Astronomers will closely study the object, which is still not well understood.
By Laurel Kornfeld | Nov 28, 2017
A three-mile- (five-km-) wide asteroid classified as "potentially hazardous" due to its large size will fly relatively close to Earth next month.

Known as 3200 Phaethon, the asteroid, which orbits the Sun every 1.4 Earth years, will pass within 6.5 million miles of Earth or 27 times the distance between the Earth and Moon, on December 16.

Discovered in 2007 by satellite and about half the size of the asteroid believed to have killed the dinosaurs 65 million years ago, it is also the source of the Geminid meteor shower, which occurs in early to mid-December.

Scientists are unsure as to Phaethon's origin.
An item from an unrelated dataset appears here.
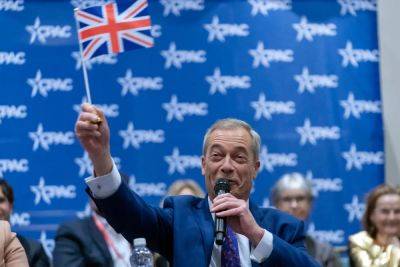 Donald Trump - Nigel Farage - Liz Truss - Andrew Feinberg - Nigel Farage tells right-wing US event that ‘religious sectarianism’ is new threat in UK - independent.co.uk - Usa - Israel - Britain - Palestine - city Westminster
Most meteor showers come from fragments of comets vaporized as the comets approach the Sun.

Asteroids are thought to be incapable of producing meteor showers, leading some scientists to suspect Phaethon could be a dead comet.

NASA has designated Phaethon as "potentially hazardous" because it has the potential to come close to Earth and would cause significant damage in an impact.
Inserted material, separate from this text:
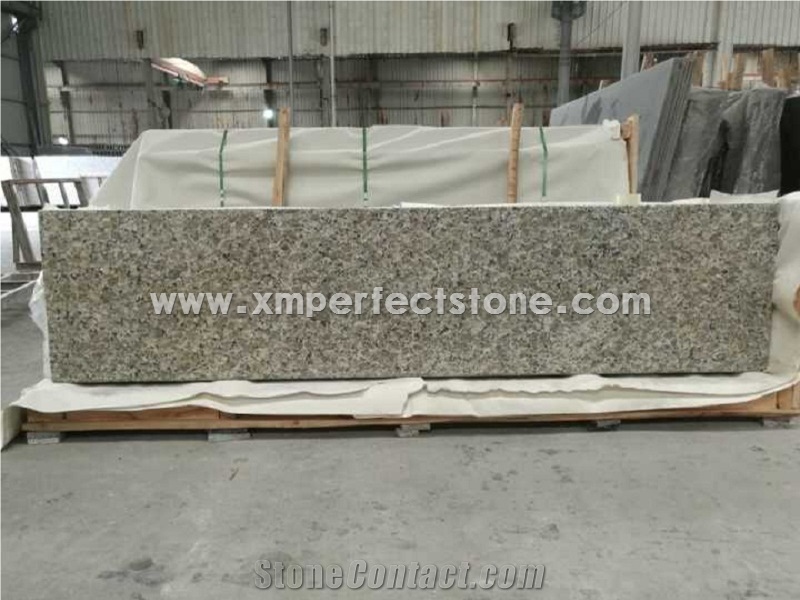 Beige Butterfly Granite Countertop Bullnose / New Butterfly Beige Granite Prefeb 2 cm / Beige Counter Home Decorate Kitchen Top / Solid Surface Countertops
It poses no danger to Earth during next month's approach.

Like most asteroids, it is believed to have originated in the belt between Mars and Jupiter. Over the last several hundred years, Jupiter's gravity has pulled its debris closer to Earth, increasing the brightness of the Geminid meteor shower.

The Geminids will be visible from December 4-17 and will peak December 13-14.

As Phaethon heads in Earth's direction, scientists at NASA's Jet Propulsion Laboratory (JPL) in California plan to create a 3D model of it.

They also hope to identify its composition, which will is key to determining its origin. While asteroids consist primarily of rock and metal, comets are "dirty snowballs" of rock and dust covered with ice.

Russian astronomers are also tracking Phaethon during its close approach and have released a video illustrating its path.

Because Phaethon has showed some sign of activity as it heads in the direction of the Sun, some scientists think it has an inactive cometary nucleus, which they will try to locate as it comes near.

Observers will need a small telescope to see Phaethon, which will be brightest between December 11 and 21.